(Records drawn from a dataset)
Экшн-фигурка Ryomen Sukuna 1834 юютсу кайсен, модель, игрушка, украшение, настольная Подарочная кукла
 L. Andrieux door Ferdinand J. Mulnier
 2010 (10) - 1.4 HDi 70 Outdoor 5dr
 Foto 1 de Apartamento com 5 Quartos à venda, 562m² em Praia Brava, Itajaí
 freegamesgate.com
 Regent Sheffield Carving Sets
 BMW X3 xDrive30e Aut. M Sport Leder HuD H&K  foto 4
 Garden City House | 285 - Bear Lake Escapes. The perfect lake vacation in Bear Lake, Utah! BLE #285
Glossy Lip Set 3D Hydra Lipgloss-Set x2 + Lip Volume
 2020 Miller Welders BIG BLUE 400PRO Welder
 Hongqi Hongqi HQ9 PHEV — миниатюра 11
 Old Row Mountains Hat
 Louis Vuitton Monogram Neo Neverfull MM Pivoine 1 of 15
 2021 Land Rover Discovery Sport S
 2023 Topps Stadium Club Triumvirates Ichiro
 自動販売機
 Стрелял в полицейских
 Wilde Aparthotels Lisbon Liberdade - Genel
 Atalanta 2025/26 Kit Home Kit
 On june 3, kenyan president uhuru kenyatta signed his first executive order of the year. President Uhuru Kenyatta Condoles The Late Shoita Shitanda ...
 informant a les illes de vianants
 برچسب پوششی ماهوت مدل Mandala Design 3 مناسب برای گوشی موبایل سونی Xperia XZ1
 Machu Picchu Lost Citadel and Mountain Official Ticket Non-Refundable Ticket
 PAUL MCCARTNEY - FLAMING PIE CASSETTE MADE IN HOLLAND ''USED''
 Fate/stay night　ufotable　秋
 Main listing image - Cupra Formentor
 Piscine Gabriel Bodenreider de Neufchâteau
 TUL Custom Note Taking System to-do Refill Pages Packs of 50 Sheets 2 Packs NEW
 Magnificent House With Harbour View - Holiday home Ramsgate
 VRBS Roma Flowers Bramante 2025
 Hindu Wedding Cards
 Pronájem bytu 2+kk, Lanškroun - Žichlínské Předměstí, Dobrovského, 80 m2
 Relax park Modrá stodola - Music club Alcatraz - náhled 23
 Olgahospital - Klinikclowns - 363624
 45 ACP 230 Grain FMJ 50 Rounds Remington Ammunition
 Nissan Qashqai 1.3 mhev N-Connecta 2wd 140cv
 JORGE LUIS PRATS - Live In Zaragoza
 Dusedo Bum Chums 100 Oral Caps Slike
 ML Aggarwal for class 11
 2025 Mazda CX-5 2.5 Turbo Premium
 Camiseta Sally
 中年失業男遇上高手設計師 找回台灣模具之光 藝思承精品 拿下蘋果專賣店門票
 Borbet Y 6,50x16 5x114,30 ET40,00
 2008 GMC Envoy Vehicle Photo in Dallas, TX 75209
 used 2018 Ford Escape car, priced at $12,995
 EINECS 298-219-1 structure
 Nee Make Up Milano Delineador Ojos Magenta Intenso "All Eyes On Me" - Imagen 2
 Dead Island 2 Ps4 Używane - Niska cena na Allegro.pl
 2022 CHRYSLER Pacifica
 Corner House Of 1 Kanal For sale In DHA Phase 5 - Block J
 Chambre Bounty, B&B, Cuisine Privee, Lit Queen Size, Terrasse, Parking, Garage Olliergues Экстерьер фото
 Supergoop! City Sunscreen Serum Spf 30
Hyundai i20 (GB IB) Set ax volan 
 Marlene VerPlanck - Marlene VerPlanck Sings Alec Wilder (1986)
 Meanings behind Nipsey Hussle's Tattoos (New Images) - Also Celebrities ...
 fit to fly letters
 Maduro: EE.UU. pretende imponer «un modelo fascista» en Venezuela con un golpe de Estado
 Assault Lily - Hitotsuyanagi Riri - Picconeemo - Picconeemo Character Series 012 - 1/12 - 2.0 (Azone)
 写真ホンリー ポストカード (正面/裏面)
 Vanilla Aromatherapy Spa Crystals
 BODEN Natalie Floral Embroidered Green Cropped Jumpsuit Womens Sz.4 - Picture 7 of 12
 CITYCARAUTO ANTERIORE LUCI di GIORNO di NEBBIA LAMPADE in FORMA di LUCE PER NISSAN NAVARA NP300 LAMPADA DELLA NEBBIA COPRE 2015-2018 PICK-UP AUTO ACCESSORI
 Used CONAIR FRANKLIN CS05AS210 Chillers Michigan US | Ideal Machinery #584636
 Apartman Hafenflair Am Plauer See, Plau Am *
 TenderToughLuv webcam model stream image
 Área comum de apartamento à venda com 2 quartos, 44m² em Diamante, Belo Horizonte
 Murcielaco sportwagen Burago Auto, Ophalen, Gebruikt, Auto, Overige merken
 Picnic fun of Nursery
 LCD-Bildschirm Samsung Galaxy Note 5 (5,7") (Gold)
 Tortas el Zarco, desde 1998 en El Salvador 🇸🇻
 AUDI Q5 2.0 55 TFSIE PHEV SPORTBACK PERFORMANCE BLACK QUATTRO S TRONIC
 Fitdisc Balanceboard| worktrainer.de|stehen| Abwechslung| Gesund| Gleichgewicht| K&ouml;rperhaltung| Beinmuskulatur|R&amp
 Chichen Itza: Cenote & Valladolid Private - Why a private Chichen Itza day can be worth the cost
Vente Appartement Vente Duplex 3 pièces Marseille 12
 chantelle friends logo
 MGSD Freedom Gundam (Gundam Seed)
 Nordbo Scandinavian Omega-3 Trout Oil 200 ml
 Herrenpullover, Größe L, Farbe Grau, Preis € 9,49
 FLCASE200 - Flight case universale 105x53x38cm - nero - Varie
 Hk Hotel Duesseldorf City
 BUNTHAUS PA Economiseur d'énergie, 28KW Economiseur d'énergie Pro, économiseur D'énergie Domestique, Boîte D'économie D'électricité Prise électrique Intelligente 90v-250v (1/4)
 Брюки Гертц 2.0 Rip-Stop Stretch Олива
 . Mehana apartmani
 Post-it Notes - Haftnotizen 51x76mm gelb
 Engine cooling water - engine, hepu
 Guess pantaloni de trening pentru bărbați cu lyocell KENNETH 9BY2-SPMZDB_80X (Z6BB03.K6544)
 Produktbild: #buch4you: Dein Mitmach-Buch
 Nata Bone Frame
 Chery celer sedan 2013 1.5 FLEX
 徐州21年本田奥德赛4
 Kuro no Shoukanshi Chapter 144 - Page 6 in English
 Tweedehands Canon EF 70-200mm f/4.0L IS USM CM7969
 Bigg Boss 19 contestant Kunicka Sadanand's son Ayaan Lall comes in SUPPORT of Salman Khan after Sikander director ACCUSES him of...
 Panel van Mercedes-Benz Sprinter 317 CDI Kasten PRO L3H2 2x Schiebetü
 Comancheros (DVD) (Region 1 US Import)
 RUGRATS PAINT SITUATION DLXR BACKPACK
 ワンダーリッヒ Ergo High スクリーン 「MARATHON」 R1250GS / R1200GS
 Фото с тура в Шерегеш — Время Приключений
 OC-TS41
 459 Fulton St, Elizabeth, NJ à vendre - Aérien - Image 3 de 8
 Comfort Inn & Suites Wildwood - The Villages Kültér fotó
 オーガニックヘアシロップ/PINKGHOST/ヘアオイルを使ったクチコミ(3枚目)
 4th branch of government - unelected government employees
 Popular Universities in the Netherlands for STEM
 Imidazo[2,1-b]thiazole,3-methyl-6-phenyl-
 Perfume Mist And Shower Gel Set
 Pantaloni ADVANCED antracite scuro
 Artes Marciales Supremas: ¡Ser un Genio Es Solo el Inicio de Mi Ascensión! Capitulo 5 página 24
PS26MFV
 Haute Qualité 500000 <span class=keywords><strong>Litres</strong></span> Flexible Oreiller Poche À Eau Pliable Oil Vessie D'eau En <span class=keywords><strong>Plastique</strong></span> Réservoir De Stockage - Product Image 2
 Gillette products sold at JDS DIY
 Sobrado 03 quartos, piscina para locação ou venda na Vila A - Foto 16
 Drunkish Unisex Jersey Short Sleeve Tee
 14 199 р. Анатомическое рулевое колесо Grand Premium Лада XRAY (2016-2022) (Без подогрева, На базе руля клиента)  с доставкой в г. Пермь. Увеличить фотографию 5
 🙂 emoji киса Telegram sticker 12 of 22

▶ **ABOUT THIS EXERCISE**: The answer must be every line of the records that contains the word "Premium".

▶ **OUTPUT OF THE TASK**:
 2025 Mazda CX-5 2.5 Turbo Premium
 14 199 р. Анатомическое рулевое колесо Grand Premium Лада XRAY (2016-2022) (Без подогрева, На базе руля клиента)  с доставкой в г. Пермь. Увеличить фотографию 5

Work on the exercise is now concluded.